— Exercise —
Stopping at the line that holds "Teksupport x HYTE", repeat the lines below exactly, starting from the very first and including that final line.

========================================================================

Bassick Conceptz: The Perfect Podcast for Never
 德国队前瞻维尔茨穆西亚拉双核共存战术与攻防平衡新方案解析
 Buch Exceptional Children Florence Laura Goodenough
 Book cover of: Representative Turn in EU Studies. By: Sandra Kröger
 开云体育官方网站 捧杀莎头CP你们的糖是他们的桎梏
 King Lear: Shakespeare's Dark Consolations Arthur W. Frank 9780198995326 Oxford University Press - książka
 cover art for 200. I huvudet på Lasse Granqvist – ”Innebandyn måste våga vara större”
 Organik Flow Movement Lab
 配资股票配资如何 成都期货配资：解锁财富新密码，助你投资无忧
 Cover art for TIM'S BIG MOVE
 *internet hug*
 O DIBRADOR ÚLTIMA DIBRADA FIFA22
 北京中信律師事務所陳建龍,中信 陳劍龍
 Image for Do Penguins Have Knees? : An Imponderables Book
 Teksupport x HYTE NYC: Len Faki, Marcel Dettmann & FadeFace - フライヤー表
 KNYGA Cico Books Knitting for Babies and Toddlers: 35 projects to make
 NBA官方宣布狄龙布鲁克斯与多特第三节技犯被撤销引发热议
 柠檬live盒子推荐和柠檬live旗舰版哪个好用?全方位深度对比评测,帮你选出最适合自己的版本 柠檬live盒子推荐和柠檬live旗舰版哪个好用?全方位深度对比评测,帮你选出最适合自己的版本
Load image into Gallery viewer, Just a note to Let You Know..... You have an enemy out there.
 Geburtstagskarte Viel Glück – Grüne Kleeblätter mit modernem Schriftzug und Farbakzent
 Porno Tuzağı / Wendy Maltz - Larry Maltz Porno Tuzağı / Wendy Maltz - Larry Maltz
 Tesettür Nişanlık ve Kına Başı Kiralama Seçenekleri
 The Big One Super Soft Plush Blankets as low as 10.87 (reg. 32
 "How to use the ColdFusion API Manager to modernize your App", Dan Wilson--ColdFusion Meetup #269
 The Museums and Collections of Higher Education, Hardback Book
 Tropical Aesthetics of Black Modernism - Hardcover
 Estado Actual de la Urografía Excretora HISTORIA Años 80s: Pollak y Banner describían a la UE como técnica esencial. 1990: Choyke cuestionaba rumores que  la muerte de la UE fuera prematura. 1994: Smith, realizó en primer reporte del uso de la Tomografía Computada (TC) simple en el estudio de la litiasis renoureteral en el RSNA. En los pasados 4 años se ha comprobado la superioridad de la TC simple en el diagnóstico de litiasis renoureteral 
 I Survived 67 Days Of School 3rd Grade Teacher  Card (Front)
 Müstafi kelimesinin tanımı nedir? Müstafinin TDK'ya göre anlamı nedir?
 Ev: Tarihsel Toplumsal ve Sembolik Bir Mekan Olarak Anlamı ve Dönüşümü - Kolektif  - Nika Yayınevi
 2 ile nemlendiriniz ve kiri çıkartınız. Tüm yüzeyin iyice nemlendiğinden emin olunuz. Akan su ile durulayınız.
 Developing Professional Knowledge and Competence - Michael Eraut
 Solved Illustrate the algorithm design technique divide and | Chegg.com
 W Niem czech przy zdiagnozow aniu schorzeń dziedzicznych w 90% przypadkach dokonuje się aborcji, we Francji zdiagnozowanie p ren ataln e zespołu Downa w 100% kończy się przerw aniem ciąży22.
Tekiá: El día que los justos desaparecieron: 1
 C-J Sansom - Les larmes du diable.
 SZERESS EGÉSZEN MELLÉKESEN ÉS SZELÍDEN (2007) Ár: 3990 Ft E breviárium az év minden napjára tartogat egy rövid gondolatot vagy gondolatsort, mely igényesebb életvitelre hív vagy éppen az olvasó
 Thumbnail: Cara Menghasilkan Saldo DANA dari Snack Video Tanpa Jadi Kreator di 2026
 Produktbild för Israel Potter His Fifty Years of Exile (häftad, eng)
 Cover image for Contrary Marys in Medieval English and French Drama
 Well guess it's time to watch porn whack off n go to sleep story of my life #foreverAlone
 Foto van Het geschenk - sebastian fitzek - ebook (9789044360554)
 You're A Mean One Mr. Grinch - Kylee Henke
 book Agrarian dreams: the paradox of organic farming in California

========================================================================

— Your solution —
Bassick Conceptz: The Perfect Podcast for Never
 德国队前瞻维尔茨穆西亚拉双核共存战术与攻防平衡新方案解析
 Buch Exceptional Children Florence Laura Goodenough
 Book cover of: Representative Turn in EU Studies. By: Sandra Kröger
 开云体育官方网站 捧杀莎头CP你们的糖是他们的桎梏
 King Lear: Shakespeare's Dark Consolations Arthur W. Frank 9780198995326 Oxford University Press - książka
 cover art for 200. I huvudet på Lasse Granqvist – ”Innebandyn måste våga vara större”
 Organik Flow Movement Lab
 配资股票配资如何 成都期货配资：解锁财富新密码，助你投资无忧
 Cover art for TIM'S BIG MOVE
 *internet hug*
 O DIBRADOR ÚLTIMA DIBRADA FIFA22
 北京中信律師事務所陳建龍,中信 陳劍龍
 Image for Do Penguins Have Knees? : An Imponderables Book
 Teksupport x HYTE NYC: Len Faki, Marcel Dettmann & FadeFace - フライヤー表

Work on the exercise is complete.